Special Bulletin

Special Bulletin
Ed Flanders as RBS anchor John Woodley.
Genre
Teleplay byMarshall Herskovitz
Story by
Directed byEdward Zwick
Starring
Music byFerdinand Jay Smith (promo and news music)
Country of originUnited States
Original languageEnglish
Production
Executive producerDon Ohlmeyer
Producers
  • Marshall Herskovitz
  • Edward Zwick
EditorArden Rynew
Running time105 minutes
Production companyOhlmeyer Communications Company
Original release
NetworkNBC
Release
  • March 20, 1983 (1983-03-20)

Special Bulletin is a 1983 American drama television film directed by Edward Zwick and written by Marshall Herskovitz, based on a story by both. It was an early collaboration between the two, who would later produce such series as thirtysomething and My So-Called Life.
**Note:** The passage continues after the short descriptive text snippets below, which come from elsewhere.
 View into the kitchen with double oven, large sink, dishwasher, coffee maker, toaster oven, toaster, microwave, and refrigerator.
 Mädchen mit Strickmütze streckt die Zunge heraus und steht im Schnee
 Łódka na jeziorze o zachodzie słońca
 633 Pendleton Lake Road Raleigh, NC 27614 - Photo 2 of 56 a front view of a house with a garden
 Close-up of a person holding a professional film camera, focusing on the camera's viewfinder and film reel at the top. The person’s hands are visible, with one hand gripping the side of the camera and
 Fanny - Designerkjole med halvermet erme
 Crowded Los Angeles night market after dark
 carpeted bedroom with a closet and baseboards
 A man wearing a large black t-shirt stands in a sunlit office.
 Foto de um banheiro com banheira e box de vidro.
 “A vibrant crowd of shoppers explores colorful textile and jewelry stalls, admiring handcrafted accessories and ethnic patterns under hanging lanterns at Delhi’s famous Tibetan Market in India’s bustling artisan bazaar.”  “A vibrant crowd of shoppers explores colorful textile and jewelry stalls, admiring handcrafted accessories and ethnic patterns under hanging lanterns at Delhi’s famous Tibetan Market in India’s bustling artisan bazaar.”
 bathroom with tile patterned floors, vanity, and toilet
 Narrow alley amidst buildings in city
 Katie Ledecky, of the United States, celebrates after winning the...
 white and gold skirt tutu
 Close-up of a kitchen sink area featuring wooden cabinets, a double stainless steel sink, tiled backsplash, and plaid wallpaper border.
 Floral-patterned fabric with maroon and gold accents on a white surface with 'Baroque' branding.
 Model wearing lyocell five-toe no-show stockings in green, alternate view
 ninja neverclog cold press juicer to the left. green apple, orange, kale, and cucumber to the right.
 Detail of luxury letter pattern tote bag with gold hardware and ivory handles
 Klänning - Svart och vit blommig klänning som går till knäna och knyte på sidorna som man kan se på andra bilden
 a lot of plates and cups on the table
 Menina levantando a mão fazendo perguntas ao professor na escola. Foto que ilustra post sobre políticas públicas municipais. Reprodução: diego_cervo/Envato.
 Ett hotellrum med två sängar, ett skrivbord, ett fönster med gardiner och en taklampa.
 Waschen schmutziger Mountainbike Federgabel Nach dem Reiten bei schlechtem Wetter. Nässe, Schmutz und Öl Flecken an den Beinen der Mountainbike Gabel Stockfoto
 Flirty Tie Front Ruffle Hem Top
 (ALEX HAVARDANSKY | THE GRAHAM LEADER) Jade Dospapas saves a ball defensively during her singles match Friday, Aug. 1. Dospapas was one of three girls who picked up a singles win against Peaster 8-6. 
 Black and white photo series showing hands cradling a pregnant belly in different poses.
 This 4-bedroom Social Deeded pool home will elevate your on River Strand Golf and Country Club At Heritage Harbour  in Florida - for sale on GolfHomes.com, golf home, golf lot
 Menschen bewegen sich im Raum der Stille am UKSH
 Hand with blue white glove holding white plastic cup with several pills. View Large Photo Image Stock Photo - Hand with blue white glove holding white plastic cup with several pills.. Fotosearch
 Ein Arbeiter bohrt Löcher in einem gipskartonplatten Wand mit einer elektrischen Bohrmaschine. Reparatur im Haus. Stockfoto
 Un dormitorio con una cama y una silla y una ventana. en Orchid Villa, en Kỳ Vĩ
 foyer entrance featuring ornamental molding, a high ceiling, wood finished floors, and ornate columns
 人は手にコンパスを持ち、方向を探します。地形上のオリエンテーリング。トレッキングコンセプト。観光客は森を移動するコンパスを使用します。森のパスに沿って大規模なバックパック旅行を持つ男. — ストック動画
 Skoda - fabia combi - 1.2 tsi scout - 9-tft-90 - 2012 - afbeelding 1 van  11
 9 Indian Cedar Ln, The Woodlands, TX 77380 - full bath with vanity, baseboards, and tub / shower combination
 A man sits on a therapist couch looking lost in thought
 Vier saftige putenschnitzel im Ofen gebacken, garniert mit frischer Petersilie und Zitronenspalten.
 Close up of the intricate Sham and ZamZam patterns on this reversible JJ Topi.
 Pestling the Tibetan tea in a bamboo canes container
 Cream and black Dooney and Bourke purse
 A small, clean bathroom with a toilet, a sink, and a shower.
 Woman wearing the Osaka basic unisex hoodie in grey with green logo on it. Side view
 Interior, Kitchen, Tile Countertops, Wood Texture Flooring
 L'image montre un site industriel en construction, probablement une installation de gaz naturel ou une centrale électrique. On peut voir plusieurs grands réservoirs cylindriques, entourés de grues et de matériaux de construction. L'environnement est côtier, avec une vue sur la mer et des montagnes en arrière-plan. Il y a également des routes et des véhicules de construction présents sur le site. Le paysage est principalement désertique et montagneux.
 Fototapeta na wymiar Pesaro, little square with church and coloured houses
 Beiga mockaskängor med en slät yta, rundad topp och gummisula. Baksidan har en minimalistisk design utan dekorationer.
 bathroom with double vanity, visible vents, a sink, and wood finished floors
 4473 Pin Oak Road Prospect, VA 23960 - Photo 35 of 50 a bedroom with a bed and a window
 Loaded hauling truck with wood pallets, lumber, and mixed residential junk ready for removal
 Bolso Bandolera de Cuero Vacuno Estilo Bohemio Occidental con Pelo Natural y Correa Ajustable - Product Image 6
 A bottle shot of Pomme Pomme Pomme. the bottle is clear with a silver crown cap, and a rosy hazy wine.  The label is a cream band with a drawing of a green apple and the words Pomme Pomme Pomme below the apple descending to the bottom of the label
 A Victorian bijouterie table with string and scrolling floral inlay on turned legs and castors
The film was first broadcast March 20, 1983 on NBC as part of NBC Sunday Night at the Movies.

In the film, a terrorist group brings a homemade atomic bomb aboard a tugboat in the harbor of Charleston, South Carolina in order to blackmail the U.S. government into disabling its nuclear weapons, and the incident is caught live on television. It simulates a series of live news broadcasts on the fictional RBS Network.

Synopsis

The entirety of the film is portrayed through the perspective of a news broadcast through the fictional RBS news network. It begins with promotional scenes from other RBS Network shows. One is cut off by the announcement "We interrupt our regular programming to bring you this Special Bulletin from RBS News."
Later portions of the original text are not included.